→ Task goal: Retype only what runs from the beginning of the data through the line with "Poštové známky Fínsko"; please omit the pictures and keep every line exact.

→ Records for this exercise:

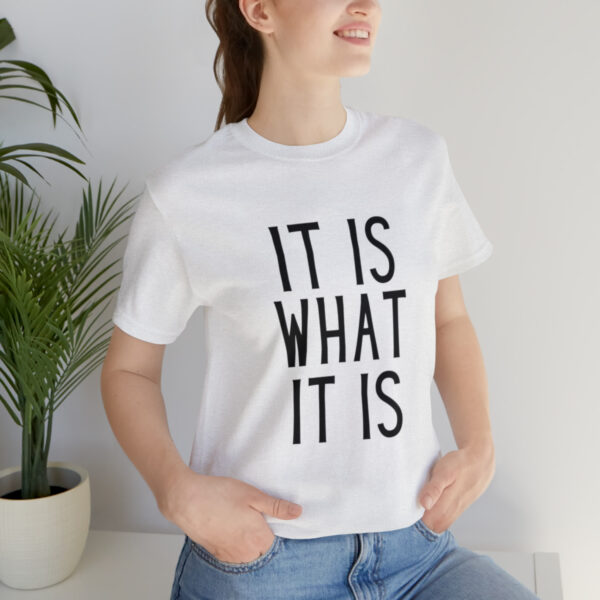 "It Is What It Is" Unisex Jersey Short Sleeve Tee - Various Colors - Image 21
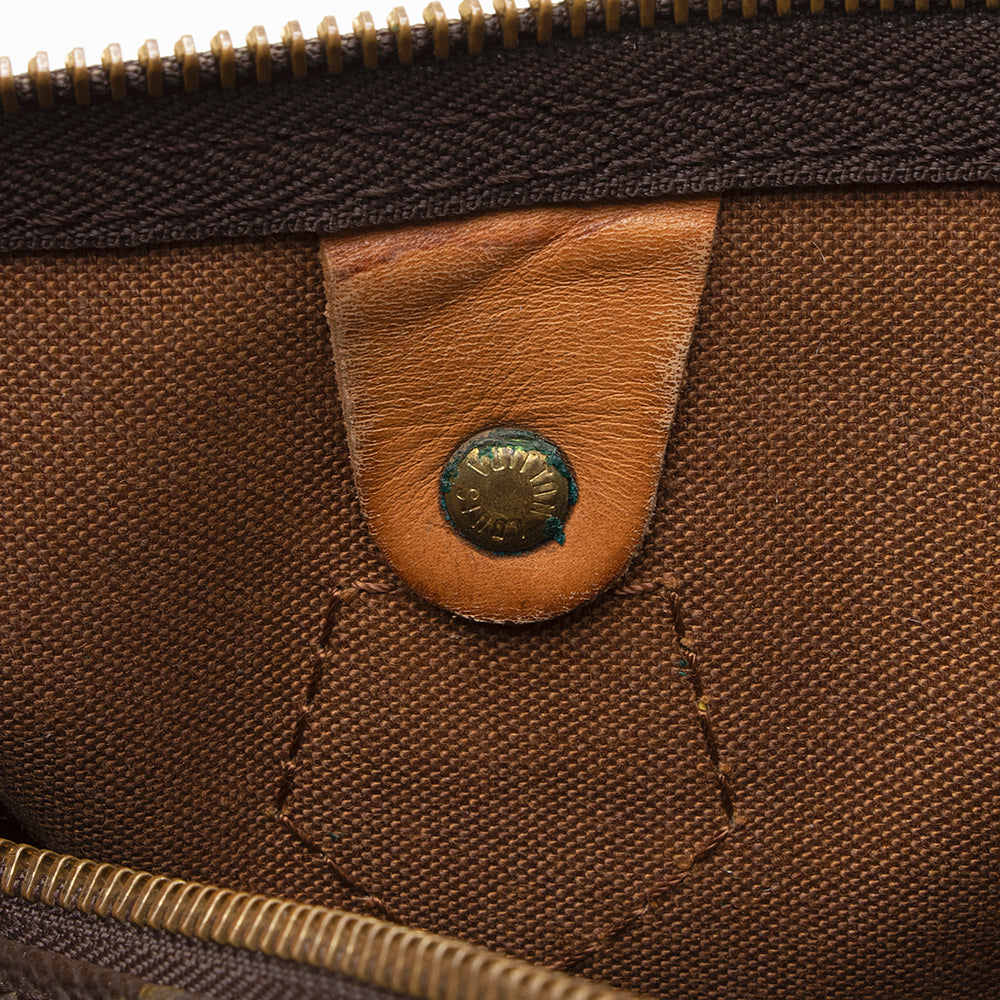 Louis Vuitton Vintage Monogram Canvas Speedy 30 Satchel (SHF-18388)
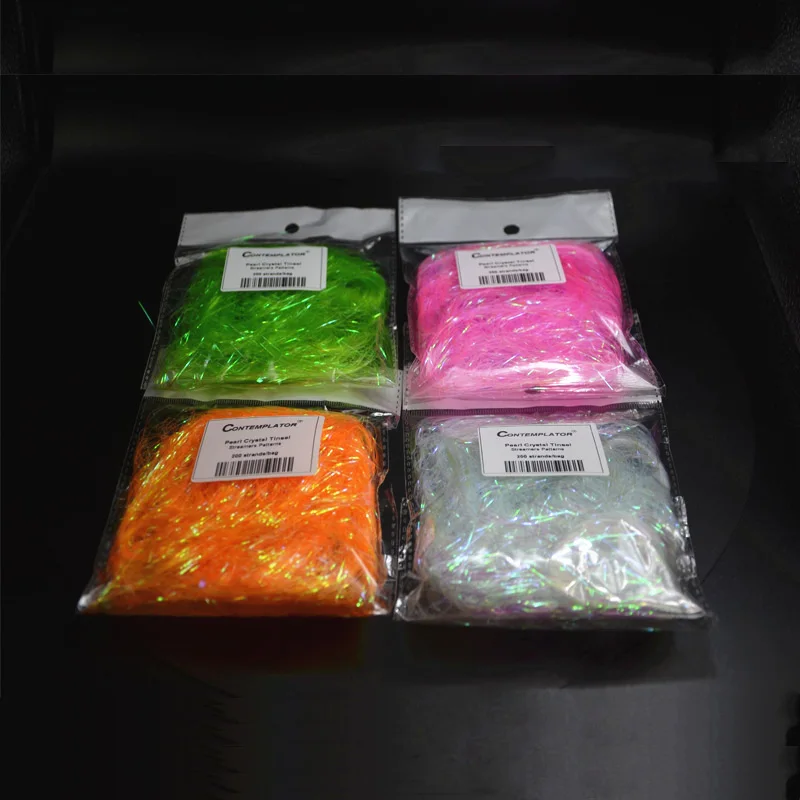 7 цветов призма для вязания мушек мишура Нимфа синтетические материалы Сияющие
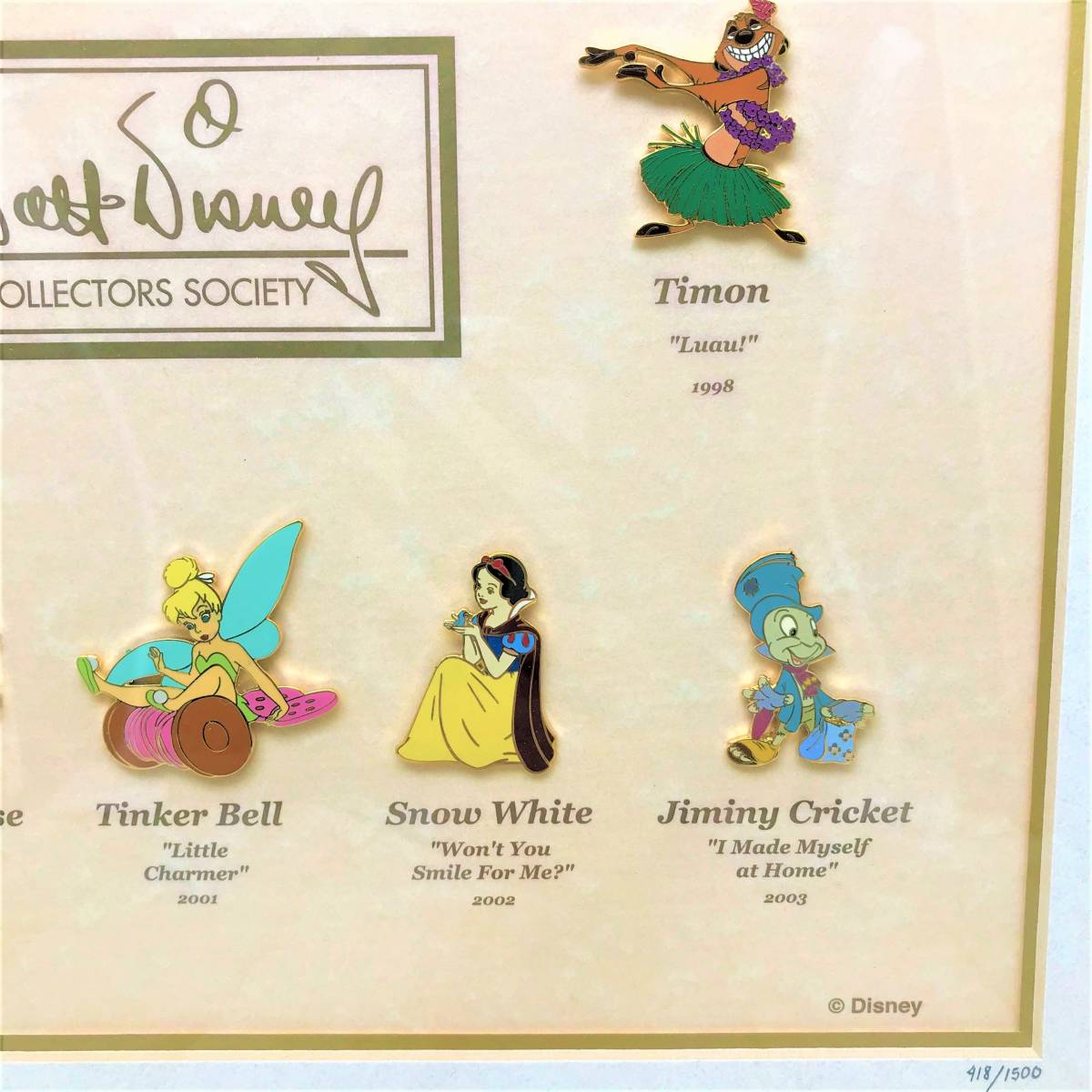  limited goods *WDCC che car cat Tinkerbell Mickey Pooh Dumbo Snow White ji minnie kli Kett * pin bachi pin badge *. picture picture frame 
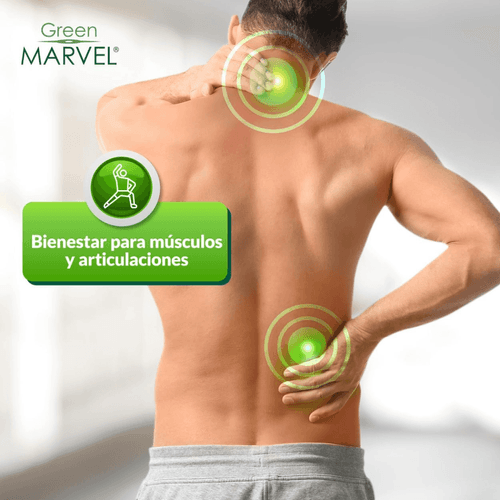 Bálsamo Corporal Relajante Muscular Libre de Parabenos Green Marvel - Pack de 2 UND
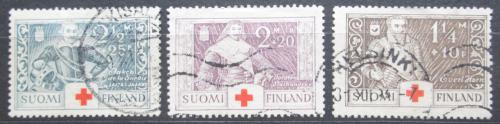 Poštové známky Fínsko 1934 Èervený kríž Mi# 184-86 Kat 9€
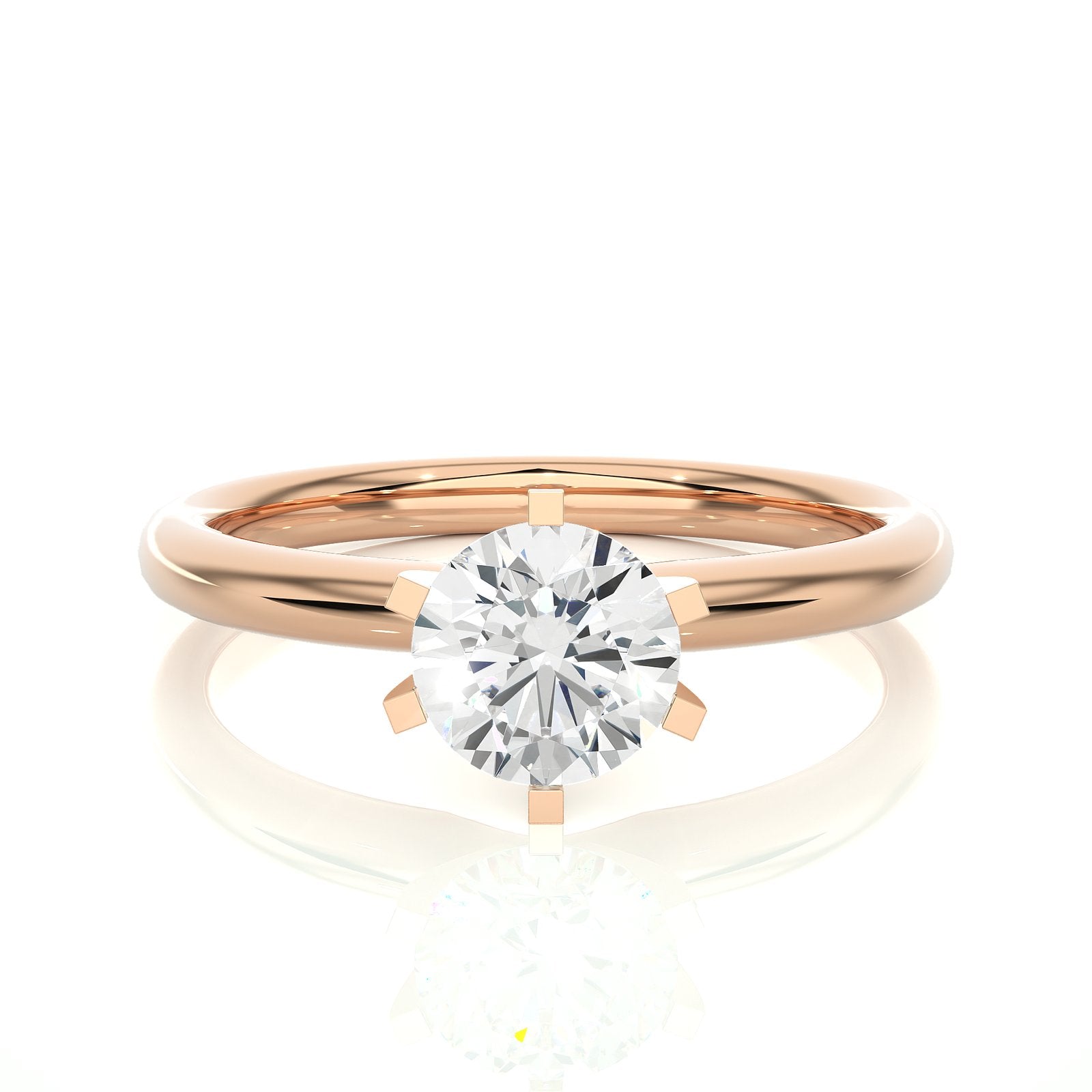 Solitaire Ring RS_RD_103 - RG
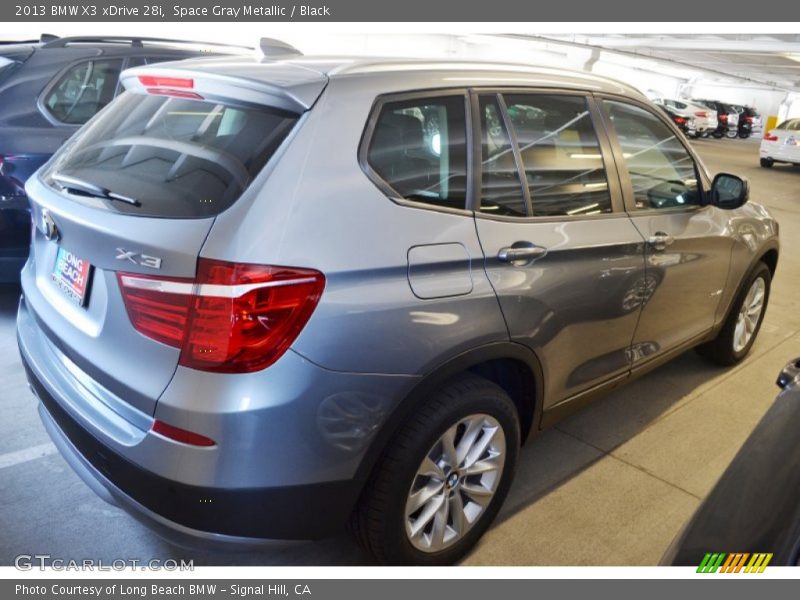 Space Gray Metallic / Black 2013 BMW X3 xDrive 28i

→ Task response:
 "It Is What It Is" Unisex Jersey Short Sleeve Tee - Various Colors - Image 21
 Louis Vuitton Vintage Monogram Canvas Speedy 30 Satchel (SHF-18388)
 7 цветов призма для вязания мушек мишура Нимфа синтетические материалы Сияющие
  limited goods *WDCC che car cat Tinkerbell Mickey Pooh Dumbo Snow White ji minnie kli Kett * pin bachi pin badge *. picture picture frame 
 Bálsamo Corporal Relajante Muscular Libre de Parabenos Green Marvel - Pack de 2 UND
 Poštové známky Fínsko 1934 Èervený kríž Mi# 184-86 Kat 9€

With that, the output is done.